→ **Problem to work on**
In the records below, find the line with "Pegatina Cuadrada Vincent", then copy each line exactly until you have copied the line with "Gold Ball Gown". Leave any picture out.

→ **Material provided**

──────────────────────────────

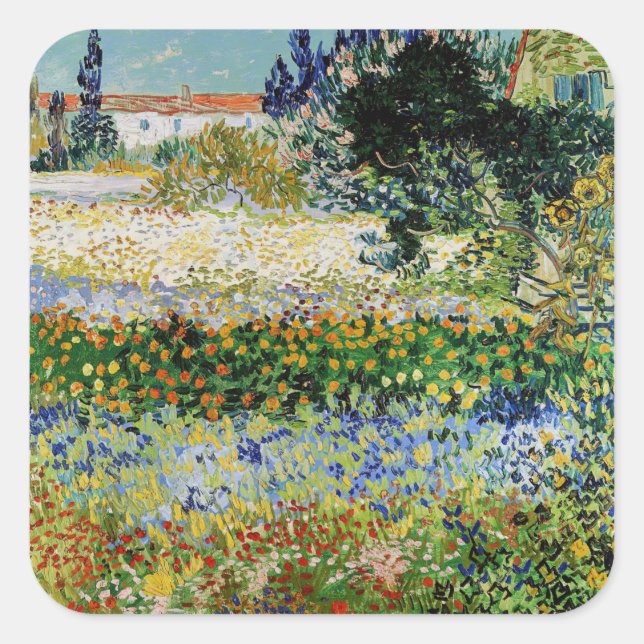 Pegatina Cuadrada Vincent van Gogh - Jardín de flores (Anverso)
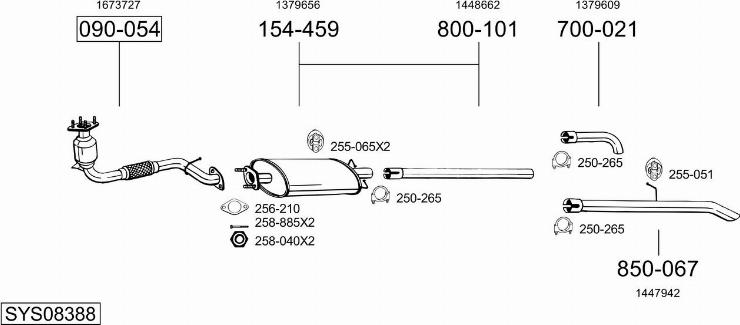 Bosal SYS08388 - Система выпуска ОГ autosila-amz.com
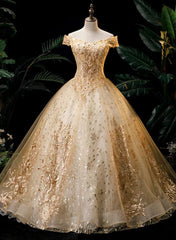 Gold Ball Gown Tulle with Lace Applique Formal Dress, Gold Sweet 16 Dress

──────────────────────────────

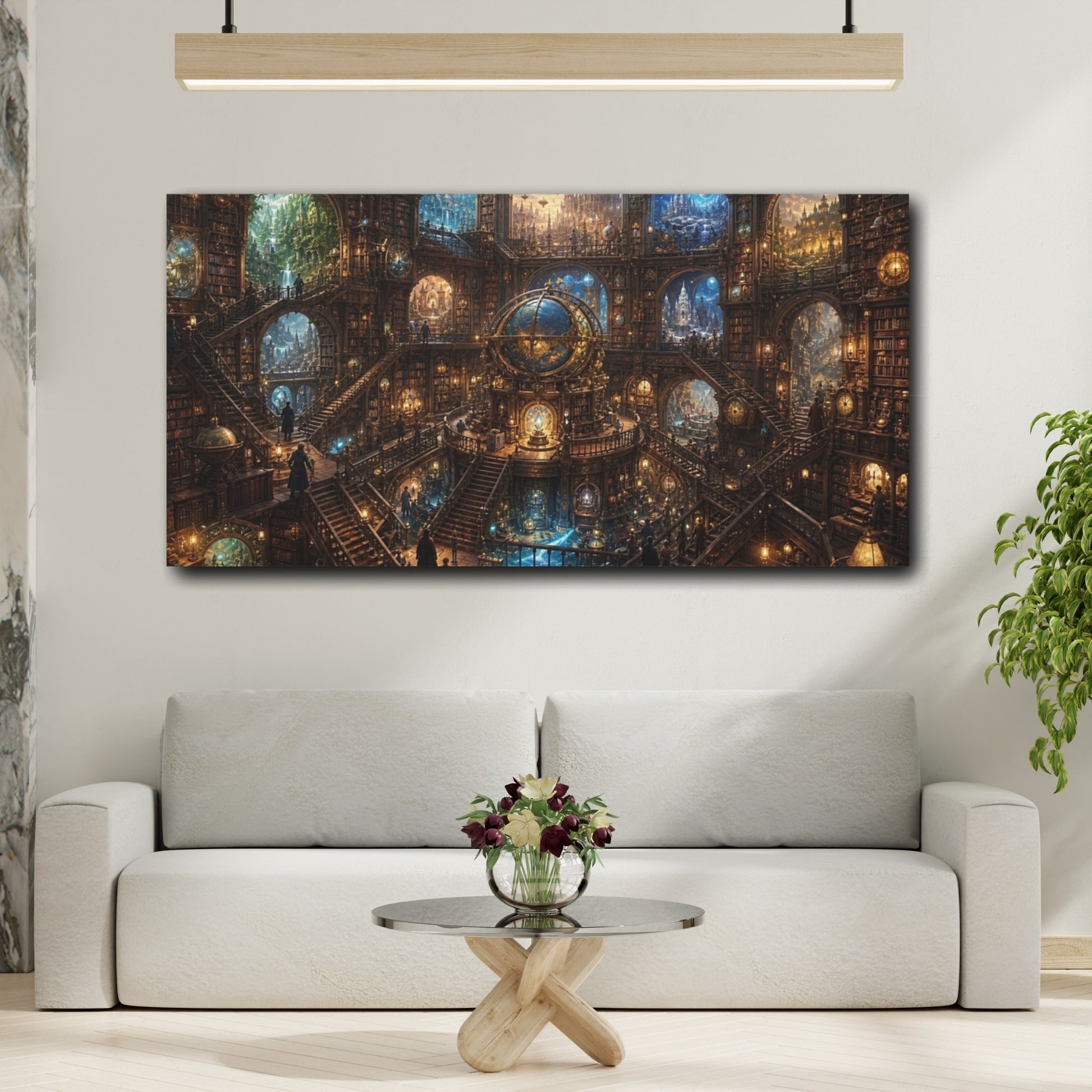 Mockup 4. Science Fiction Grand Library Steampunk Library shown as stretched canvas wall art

──────────────────────────────

→ **Exercise output**
 Pegatina Cuadrada Vincent van Gogh - Jardín de flores (Anverso)
 Bosal SYS08388 - Система выпуска ОГ autosila-amz.com
 Gold Ball Gown Tulle with Lace Applique Formal Dress, Gold Sweet 16 Dress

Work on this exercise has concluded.